_Task prompt_
Please give, word for word, the line containing "road trip, travel, summer" and every line that comes after it in the data below.

(Given records Opens)

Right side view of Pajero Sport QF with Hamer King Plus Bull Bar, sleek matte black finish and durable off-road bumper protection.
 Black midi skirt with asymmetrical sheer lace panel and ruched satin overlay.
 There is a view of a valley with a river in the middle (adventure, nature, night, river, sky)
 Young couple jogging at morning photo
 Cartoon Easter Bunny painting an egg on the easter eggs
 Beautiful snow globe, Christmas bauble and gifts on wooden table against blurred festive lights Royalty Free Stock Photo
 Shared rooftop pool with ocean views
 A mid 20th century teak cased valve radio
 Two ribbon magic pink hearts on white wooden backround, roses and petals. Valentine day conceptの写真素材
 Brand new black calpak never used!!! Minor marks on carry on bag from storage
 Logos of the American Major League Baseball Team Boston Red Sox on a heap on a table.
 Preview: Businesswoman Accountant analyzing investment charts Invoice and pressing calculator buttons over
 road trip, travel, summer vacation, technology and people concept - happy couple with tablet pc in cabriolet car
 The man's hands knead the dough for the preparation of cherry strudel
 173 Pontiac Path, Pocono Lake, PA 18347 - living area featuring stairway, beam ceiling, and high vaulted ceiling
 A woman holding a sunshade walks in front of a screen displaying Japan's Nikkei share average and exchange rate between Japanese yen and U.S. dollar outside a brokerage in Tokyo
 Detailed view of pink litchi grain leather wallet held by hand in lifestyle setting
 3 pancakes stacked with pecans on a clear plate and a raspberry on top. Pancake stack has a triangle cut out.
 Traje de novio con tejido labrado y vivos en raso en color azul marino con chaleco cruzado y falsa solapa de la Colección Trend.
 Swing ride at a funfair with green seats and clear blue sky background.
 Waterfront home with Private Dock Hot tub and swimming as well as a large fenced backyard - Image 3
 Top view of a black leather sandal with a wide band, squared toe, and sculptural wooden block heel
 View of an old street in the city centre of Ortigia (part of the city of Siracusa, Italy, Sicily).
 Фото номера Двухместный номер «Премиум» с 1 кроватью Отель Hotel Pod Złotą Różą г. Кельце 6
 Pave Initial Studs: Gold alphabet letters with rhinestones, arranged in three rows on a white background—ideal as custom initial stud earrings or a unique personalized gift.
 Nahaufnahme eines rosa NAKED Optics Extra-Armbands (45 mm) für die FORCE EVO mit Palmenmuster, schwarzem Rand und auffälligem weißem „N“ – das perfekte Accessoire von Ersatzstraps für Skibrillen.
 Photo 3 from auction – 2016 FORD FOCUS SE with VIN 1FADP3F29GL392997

(Given records Closes)

_Problem solution_
 road trip, travel, summer vacation, technology and people concept - happy couple with tablet pc in cabriolet car
 The man's hands knead the dough for the preparation of cherry strudel
 173 Pontiac Path, Pocono Lake, PA 18347 - living area featuring stairway, beam ceiling, and high vaulted ceiling
 A woman holding a sunshade walks in front of a screen displaying Japan's Nikkei share average and exchange rate between Japanese yen and U.S. dollar outside a brokerage in Tokyo
 Detailed view of pink litchi grain leather wallet held by hand in lifestyle setting
 3 pancakes stacked with pecans on a clear plate and a raspberry on top. Pancake stack has a triangle cut out.
 Traje de novio con tejido labrado y vivos en raso en color azul marino con chaleco cruzado y falsa solapa de la Colección Trend.
 Swing ride at a funfair with green seats and clear blue sky background.
 Waterfront home with Private Dock Hot tub and swimming as well as a large fenced backyard - Image 3
 Top view of a black leather sandal with a wide band, squared toe, and sculptural wooden block heel
 View of an old street in the city centre of Ortigia (part of the city of Siracusa, Italy, Sicily).
 Фото номера Двухместный номер «Премиум» с 1 кроватью Отель Hotel Pod Złotą Różą г. Кельце 6
 Pave Initial Studs: Gold alphabet letters with rhinestones, arranged in three rows on a white background—ideal as custom initial stud earrings or a unique personalized gift.
 Nahaufnahme eines rosa NAKED Optics Extra-Armbands (45 mm) für die FORCE EVO mit Palmenmuster, schwarzem Rand und auffälligem weißem „N“ – das perfekte Accessoire von Ersatzstraps für Skibrillen.
 Photo 3 from auction – 2016 FORD FOCUS SE with VIN 1FADP3F29GL392997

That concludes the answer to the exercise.